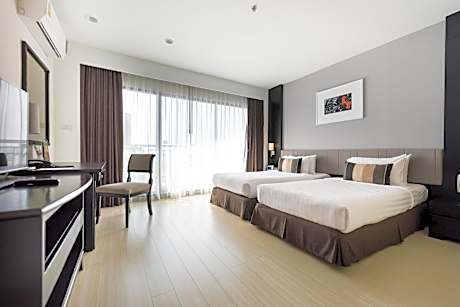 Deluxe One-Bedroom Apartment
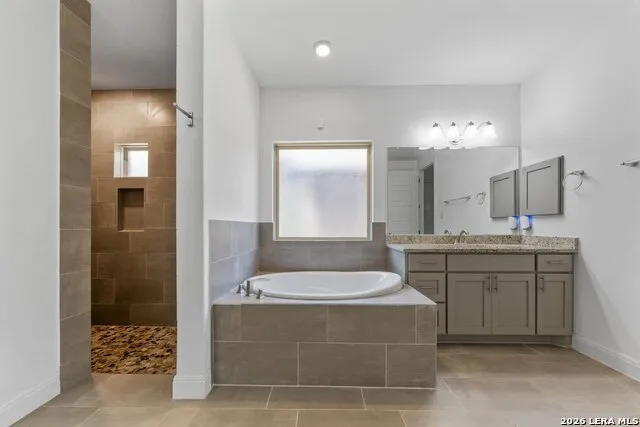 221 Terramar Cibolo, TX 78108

* * *

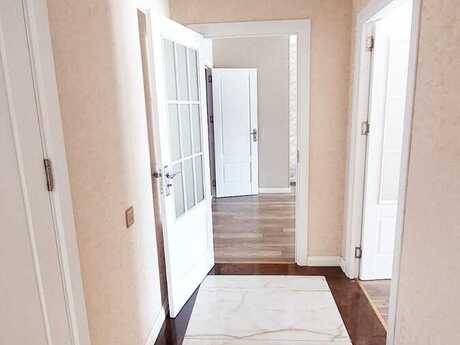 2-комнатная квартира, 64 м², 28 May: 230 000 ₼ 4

==

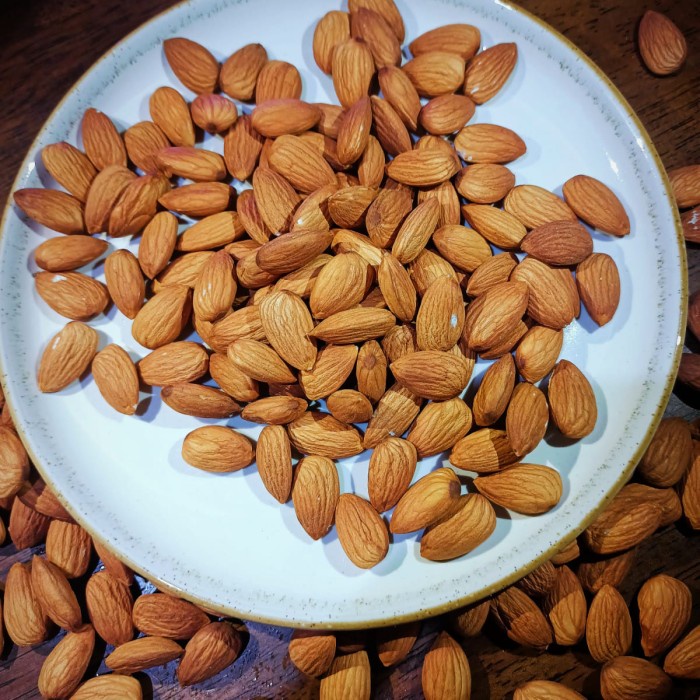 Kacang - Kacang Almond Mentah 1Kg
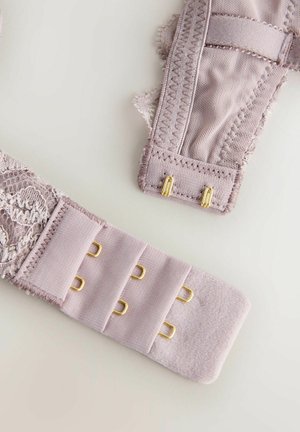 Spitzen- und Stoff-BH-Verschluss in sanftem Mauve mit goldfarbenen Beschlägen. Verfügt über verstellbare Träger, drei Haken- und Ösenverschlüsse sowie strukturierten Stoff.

AIM OF THE EXERCISE => Exercise for the records above: copy only the lines from the one with "Kacang - Kacang Almond Mentah 1Kg" to the one with "Spitzen- und Stoff-BH-Verschluss", both ends kept, and drop the pictures.

RESULT =>
 Kacang - Kacang Almond Mentah 1Kg
 Spitzen- und Stoff-BH-Verschluss in sanftem Mauve mit goldfarbenen Beschlägen. Verfügt über verstellbare Träger, drei Haken- und Ösenverschlüsse sowie strukturierten Stoff.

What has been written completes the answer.